Kyle was also getting very close, but by this time it was getting unbearably hot in the pit, so we decided to dash over to the Split Boulder projects which are shaded almost all day long.  Arriving at the boulder, we drank some water and sat in the shade for a half-hour to recover.  Feeling better, we set up the mats beneath the Split Right Project and set to work.  My first two attempts were miserable; I felt sluggish and sleepy.  On my next try I think I fell at the third move - a blunt pinch - but I felt better.  I rested for a few minutes, and pulled on to give it another try.  I moved smoothly through the first two moves - a good edge, and a hard right-hand crossover to a very sloping edge - and then pulled to the blunt pinch with my left,  Resetting my heel carefully, I reached up to the tiny right-hand crimp, and got it almost perfectly.  I shifted my right had a bit to reset it, and then looked up at the last hard move - a strange short leftward deadpoint to a good gaston. I set up, and popped to the hold, and stuck it!  Adrenaline surging, I did the last three moves, and topped out.  Exciting to send such an amazing problem!  After a lot of reflection, I decided to call it The Right Right (V8), since its the better (i.e. the 'right') version of what had been called the Split Right Project.

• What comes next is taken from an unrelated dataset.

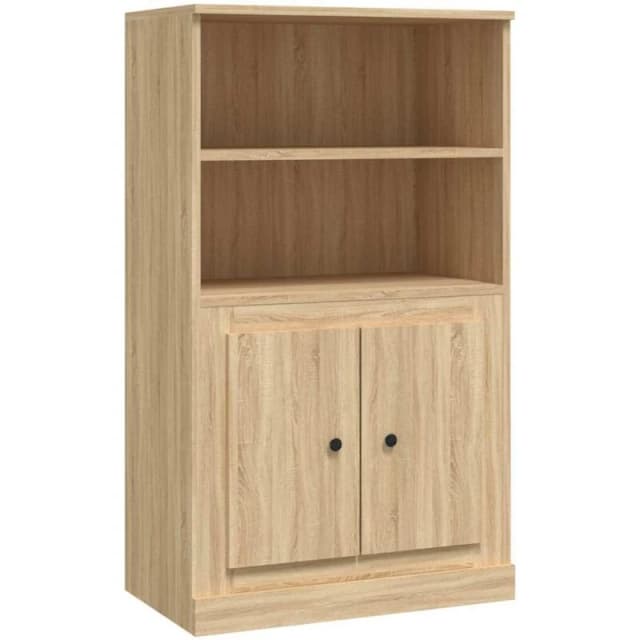 VIDAXL Highboard Sonoma Oak 60x35.5x103.5cm Engineered Wood Vidaxl 8720845792053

Now in the hottest part of the day, we decided to stay in the shade and try the Split Left Project.  The Split Left Project is one of the most difficult in the Slide, with five very hard moves in a row leading to two somewhat easier finishing moves.  I set myself a tiny goal - the first move.  After a few tries I could do the first move, and I was reasonably satisfied, especially since the second move - a crossover from one small edge to another - seemed virtually impossible.  The third move - a big reach left to an incut slot - also seemed almost impossible.  I kept trying the moves, but couldn't muster the power required for the second, third, or fifth (a huge jump to a sidepull) moves.  Kyle was determined, though, and kept working to decipher the moves.  I was skeptical, but Kyle began to make progress on the line.  One by one, the moves fell, and after an hour or so, Kyle had done all of the moves individually, and had linked several of the sequences.  An amazing effort, on a problem that feels impossible to me!  It seems likely that the Split Left Project will fall this summer as well!

Kyle bearing down on the small holds of the Split Left Project.  Small holds, tricky feet!

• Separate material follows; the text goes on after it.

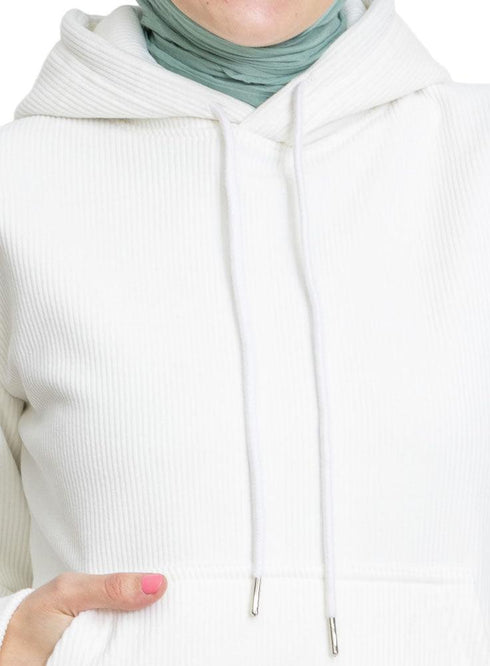 White Velvet Hoodie Vent - Khotwh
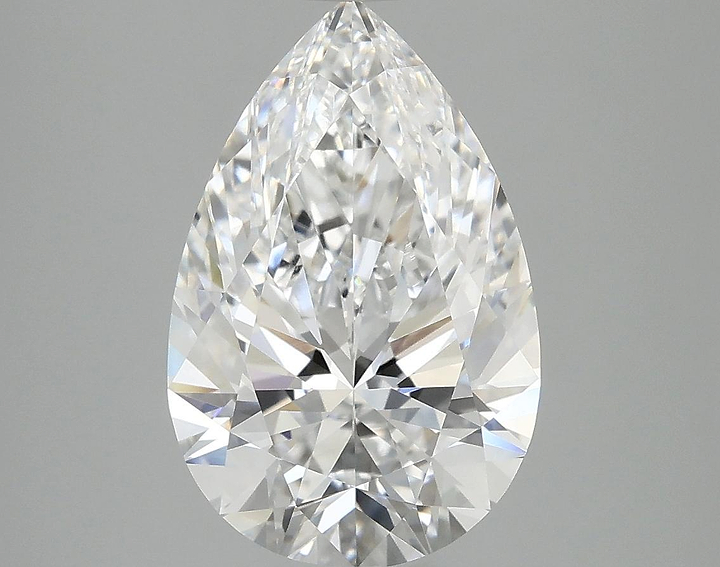 3.87 Carat Pear Shaped Excellent Cut VVS2 IGI Certified Lab Grown Diamond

By now it was late in the day, and instead of packing it in (the sensible choice) we headed over to The Cure.  Arranging the mats carefully (The Cure has a somewhat risky fall zone), I tried to muster the energy to bear down on the smooth holds of the Porcelain boulder.  It took me several tries, but eventually I managed to pull through the blunt pinch crux and head up to the fun topout of The Cure.  Another problem sent in the City of Giants!

Now thoroughly beat, we packed up in the setting sun and headed to Tim Hortons for cold drinks.  A great day of bouldering at Frank Slide, and I felt lucky to have sent such a great 'hat trick' of hard new problems in the City of Giants: The Blessing, The Right Right, and The Cure.